Since Guangdong East Arrow Automotive Products was established in 1994, it has grown from a tiny furniture maker into a major exporter of exterior car parts (think roof racks, grille guards and mud flaps).

Even East Arrow boss, Ma Yongtao, admitted to CBN Weekly his success “is partly down to luck”.

He made his first foray into car parts in the early 1990s, after being asked to repair the dented bumper of a smuggled Toyota Land Cruiser. (In those days getting a foreign-made car often meant buying one that had been imported illegally – and spare parts were hard to come by).

From that fortuitous encounter Ma established a decent-sized business serving the needs of the smuggled-in car market. But that all came to a halt in 1997 when authorities stamped out most of the car smuggling.

If East Arrow was going to continue making car parts it would have to look overseas for customers – starting virtually from scratch once again.

Ma tried advertising online for business but orders were small to begin with. His break came when he won a contract from Honda in 2000. That began his education in the exacting quality standards demanded by major car firms. “That first [Honda] product had a defect rate of 80%,” according to CBN, “and in the first year East Arrow lost several hundred thousand yuan.”

East Arrow had the resources to take the losses while it learnt the trade. Ma was also savvy enough to realise he couldn’t rely on a single customer – or his existing business model – to survive in the long run.

“OEM alone has no future,” Ma told the magazine, “as Guangdong’s manufacturing costs can’t compete with the rest of the country.”

So East Arrow also set to work creating its own brand: Winbo.

Progress was slow at first. The company first took a table at the Specialty Equipment Market Association’s US trade show in 2000 (more of a Budweiser than Bordeaux evening, by the sound of it) but it wasn’t until 2004 that it got its big break.

Then it was approached by a struggling US wholesaler, and started a collaboration that would define the company. The customer came up with innovative ideas for parts like roof racks, and East Arrow worked out how to make them cheap.

Market share in the US then started to grow at an astounding pace – to 40% in certain car modification product lines within a couple of years.

Ma credits the quality control lessons learned from Honda, allowing it to price 15% higher than rival Chinese firms.

Ma says he’s also had to learn to combine outsourcing “low value-added processes” while keeping essential work in-house. (Rustproofing was one area where outside quality was unreliable, and so has remained a core competency).
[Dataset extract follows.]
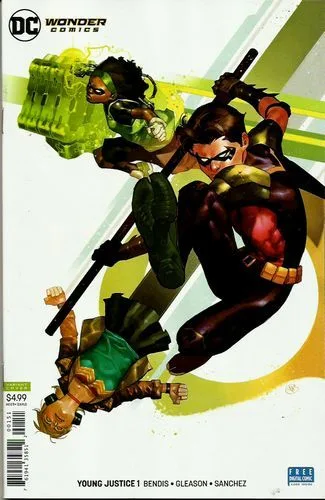 Cover of Cover E
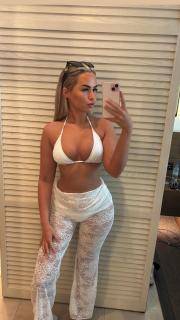 Babe Picture 4833041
Fortune was with Ma again when the financial crisis hit in 2008. Some of his customers were struggling to pay him for the orders he’d filled. Should he file export insurance claims and risk bankrupting his customers, or take a chance that they’d eventually pay up?

Ma decided to trust his luck once again and recovered the sums owed over time, maintaining a full customer roster for when the market finally began to recover the following year.

With China now the world’s largest automobile market, Ma’s current hope is that the American love of modifying cars will spread to his home country.